LISTED ENTRIES section start
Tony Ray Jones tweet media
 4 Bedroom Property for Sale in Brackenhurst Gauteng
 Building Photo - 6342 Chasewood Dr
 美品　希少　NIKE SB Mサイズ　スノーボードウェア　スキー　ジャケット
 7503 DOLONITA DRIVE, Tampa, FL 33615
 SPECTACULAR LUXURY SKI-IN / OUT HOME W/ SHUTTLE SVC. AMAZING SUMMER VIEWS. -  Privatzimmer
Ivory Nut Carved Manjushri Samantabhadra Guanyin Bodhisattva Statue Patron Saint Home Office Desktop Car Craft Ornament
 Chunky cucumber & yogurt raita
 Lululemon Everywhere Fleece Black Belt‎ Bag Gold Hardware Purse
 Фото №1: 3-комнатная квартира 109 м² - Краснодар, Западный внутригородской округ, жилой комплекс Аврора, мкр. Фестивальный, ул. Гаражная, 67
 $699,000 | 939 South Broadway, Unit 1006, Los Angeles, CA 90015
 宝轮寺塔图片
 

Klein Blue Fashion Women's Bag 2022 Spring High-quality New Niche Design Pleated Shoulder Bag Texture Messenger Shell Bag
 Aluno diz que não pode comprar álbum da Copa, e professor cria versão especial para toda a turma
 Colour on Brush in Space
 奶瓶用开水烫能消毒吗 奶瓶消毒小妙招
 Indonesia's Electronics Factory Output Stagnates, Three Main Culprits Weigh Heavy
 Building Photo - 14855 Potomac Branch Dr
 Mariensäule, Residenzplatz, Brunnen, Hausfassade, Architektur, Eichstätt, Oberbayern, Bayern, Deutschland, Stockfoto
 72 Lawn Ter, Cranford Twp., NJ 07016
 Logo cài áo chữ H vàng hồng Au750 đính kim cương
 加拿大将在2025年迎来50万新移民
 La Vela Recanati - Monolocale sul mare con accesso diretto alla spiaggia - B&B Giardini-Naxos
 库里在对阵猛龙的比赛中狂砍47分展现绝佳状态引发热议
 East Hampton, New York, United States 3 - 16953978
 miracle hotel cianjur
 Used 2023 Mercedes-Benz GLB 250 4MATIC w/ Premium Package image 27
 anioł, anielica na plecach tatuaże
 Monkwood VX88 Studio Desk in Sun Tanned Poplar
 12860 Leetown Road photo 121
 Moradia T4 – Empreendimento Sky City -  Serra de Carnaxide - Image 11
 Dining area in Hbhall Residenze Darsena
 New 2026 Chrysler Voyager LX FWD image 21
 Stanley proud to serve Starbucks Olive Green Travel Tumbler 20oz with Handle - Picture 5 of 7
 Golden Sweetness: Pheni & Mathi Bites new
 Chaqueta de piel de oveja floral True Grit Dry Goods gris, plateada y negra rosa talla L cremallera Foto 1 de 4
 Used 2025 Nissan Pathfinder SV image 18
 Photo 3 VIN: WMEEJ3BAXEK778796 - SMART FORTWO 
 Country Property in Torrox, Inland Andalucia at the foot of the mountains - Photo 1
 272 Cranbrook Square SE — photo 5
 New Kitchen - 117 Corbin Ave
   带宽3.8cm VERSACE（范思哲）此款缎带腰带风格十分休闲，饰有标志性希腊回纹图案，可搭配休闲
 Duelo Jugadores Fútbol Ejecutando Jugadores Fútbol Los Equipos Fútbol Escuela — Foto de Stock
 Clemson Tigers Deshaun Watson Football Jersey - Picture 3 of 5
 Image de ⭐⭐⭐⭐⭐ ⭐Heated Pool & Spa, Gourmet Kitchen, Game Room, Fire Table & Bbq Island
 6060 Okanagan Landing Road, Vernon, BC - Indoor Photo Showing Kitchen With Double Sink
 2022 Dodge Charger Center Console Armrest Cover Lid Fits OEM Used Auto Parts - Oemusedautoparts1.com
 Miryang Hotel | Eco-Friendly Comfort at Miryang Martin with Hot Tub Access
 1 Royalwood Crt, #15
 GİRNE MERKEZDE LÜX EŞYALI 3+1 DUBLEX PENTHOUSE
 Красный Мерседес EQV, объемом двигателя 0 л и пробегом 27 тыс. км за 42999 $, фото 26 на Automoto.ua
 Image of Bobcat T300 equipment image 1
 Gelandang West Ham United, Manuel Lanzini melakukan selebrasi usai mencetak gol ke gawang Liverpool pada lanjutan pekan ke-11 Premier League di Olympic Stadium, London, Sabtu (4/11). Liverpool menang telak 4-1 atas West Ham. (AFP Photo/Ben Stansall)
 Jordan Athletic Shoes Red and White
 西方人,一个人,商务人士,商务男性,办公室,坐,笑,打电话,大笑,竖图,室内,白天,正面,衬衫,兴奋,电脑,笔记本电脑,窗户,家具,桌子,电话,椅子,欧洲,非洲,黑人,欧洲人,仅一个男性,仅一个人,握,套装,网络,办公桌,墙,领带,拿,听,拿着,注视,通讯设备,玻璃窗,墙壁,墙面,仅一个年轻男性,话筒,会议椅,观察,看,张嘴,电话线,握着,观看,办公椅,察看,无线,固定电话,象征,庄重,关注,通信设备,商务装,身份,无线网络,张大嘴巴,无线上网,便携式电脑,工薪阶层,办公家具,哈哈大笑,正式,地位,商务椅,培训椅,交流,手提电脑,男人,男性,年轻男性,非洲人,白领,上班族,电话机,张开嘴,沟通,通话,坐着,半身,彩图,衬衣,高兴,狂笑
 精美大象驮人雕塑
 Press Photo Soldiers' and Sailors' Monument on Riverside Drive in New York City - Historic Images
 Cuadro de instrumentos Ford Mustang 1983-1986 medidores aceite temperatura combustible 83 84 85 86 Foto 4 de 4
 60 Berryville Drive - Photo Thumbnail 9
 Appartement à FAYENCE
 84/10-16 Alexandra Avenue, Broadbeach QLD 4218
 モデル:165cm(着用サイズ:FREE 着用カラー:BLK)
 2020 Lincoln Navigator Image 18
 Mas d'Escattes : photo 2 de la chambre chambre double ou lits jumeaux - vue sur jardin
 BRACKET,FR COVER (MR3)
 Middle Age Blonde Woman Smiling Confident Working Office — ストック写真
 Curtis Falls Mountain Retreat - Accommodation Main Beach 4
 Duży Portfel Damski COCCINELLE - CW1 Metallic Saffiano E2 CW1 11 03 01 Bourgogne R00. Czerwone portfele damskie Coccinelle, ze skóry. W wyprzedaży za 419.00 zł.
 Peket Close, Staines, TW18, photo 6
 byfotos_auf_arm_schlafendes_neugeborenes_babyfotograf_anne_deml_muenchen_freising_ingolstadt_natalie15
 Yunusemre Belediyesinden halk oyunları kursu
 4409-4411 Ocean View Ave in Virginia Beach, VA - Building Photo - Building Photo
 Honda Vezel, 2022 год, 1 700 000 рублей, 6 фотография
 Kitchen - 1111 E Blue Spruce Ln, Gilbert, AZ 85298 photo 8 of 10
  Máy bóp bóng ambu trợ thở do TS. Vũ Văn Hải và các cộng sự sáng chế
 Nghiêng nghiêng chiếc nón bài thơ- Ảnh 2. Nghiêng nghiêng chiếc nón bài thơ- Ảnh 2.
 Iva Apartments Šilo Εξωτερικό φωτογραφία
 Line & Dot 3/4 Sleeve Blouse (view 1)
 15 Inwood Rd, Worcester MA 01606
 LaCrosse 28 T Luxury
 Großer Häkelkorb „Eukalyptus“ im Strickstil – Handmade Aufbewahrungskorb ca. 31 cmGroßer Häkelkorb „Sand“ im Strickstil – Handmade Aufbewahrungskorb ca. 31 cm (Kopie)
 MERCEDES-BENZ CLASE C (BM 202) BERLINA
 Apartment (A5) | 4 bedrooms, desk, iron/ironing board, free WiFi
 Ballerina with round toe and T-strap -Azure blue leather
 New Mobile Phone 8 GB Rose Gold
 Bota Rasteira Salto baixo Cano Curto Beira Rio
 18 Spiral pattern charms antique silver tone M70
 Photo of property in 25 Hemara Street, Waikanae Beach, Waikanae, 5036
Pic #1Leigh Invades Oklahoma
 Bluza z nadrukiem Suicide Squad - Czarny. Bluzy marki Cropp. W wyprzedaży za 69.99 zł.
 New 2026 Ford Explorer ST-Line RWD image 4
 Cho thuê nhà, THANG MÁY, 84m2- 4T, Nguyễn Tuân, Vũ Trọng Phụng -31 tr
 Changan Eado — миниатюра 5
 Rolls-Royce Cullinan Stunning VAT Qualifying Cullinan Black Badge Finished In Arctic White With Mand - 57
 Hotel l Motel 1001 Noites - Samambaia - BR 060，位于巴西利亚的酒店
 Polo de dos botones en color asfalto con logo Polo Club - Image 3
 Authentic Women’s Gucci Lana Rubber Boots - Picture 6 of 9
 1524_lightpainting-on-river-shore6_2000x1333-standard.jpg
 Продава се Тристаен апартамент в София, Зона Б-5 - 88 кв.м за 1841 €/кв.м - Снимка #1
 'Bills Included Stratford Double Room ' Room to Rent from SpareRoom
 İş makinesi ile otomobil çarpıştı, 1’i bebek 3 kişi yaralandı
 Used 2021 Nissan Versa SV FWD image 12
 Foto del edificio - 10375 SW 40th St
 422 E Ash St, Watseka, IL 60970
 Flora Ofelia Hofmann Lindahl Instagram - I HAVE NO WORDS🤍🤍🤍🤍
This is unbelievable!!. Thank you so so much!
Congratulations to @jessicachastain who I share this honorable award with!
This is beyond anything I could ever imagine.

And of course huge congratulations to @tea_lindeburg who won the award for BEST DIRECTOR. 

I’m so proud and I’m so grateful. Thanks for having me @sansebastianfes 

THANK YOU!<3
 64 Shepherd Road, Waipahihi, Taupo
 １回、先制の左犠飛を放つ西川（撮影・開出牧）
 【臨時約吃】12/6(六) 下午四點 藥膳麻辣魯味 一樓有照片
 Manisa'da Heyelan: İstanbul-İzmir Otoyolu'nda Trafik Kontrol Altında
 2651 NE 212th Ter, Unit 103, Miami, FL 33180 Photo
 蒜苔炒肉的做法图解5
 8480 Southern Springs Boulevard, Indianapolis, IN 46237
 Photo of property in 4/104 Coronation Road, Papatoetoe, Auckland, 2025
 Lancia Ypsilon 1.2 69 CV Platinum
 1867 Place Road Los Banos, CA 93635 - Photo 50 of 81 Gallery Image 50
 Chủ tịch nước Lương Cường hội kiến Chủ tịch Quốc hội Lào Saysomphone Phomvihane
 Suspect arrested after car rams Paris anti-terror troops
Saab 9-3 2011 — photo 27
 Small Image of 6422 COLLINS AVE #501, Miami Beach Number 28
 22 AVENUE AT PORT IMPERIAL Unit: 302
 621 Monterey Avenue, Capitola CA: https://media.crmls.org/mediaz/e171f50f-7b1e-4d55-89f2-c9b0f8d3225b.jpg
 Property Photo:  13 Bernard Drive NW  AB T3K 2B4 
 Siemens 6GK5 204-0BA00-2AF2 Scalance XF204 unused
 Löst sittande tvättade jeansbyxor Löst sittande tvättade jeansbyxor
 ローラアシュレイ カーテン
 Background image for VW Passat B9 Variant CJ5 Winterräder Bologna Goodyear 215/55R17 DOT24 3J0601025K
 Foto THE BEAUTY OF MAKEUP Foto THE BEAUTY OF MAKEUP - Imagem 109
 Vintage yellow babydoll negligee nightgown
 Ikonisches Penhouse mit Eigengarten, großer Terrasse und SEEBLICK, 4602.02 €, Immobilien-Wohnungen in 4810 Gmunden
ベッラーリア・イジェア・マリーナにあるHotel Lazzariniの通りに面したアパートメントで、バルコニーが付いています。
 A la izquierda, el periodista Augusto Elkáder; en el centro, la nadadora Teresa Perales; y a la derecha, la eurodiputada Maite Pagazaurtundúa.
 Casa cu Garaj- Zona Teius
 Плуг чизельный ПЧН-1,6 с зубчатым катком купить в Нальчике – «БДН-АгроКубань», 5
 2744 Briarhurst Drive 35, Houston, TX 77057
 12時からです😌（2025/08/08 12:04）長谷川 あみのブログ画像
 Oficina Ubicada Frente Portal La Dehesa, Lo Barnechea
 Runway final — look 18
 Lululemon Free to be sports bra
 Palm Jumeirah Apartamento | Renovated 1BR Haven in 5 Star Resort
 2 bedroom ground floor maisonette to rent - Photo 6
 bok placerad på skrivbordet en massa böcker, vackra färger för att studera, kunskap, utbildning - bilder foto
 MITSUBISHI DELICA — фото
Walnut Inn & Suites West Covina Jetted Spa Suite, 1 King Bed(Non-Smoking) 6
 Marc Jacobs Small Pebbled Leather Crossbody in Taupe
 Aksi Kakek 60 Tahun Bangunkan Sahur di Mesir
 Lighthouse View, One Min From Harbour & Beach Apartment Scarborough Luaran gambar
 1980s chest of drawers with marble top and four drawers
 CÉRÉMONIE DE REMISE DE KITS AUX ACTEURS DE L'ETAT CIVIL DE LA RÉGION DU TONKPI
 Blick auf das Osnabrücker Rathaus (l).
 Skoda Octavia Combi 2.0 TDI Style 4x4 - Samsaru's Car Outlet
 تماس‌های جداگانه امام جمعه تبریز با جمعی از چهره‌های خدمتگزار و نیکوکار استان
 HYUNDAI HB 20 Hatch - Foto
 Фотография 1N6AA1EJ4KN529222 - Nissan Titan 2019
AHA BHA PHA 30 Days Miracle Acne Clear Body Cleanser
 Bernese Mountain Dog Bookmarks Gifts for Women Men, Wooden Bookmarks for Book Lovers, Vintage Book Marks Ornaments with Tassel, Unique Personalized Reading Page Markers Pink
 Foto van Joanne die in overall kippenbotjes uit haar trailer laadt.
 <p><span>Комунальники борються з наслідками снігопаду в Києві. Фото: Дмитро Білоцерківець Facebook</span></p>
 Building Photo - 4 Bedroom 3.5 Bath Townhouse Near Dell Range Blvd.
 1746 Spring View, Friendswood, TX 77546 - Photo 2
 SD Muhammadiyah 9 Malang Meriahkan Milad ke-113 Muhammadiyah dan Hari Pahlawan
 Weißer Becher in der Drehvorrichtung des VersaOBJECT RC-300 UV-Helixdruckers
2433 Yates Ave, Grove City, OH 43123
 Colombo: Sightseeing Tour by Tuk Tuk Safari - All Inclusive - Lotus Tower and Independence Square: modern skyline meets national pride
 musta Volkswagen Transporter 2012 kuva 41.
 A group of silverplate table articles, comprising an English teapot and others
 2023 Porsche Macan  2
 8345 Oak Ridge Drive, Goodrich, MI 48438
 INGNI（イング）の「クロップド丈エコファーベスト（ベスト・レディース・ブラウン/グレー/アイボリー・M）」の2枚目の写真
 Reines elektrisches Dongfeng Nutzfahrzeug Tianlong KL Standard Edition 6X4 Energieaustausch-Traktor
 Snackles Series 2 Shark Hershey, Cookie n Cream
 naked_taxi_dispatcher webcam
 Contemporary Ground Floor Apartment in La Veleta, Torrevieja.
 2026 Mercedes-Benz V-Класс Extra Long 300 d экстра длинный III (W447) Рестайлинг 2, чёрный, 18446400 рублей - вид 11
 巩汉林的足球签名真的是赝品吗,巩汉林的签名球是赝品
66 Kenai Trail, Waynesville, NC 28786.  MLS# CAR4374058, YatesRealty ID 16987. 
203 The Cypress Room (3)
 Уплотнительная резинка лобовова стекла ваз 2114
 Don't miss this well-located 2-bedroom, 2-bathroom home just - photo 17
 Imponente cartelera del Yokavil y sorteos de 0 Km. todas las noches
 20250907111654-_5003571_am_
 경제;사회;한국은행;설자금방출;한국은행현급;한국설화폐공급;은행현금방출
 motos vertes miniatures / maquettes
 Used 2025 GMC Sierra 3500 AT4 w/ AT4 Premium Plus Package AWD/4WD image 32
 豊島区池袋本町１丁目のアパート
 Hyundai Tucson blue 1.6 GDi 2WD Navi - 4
LISTED ENTRIES section end
■ **INSTRUCTIONS FOR THE TASK**
If a line falls between the first line of the data above and the line holding "Lululemon Everywhere Fleece", inclusive, retype it exactly; retype no other line.

■ **THE ANSWER**
Tony Ray Jones tweet media
 4 Bedroom Property for Sale in Brackenhurst Gauteng
 Building Photo - 6342 Chasewood Dr
 美品　希少　NIKE SB Mサイズ　スノーボードウェア　スキー　ジャケット
 7503 DOLONITA DRIVE, Tampa, FL 33615
 SPECTACULAR LUXURY SKI-IN / OUT HOME W/ SHUTTLE SVC. AMAZING SUMMER VIEWS. -  Privatzimmer
Ivory Nut Carved Manjushri Samantabhadra Guanyin Bodhisattva Statue Patron Saint Home Office Desktop Car Craft Ornament
 Chunky cucumber & yogurt raita
 Lululemon Everywhere Fleece Black Belt‎ Bag Gold Hardware Purse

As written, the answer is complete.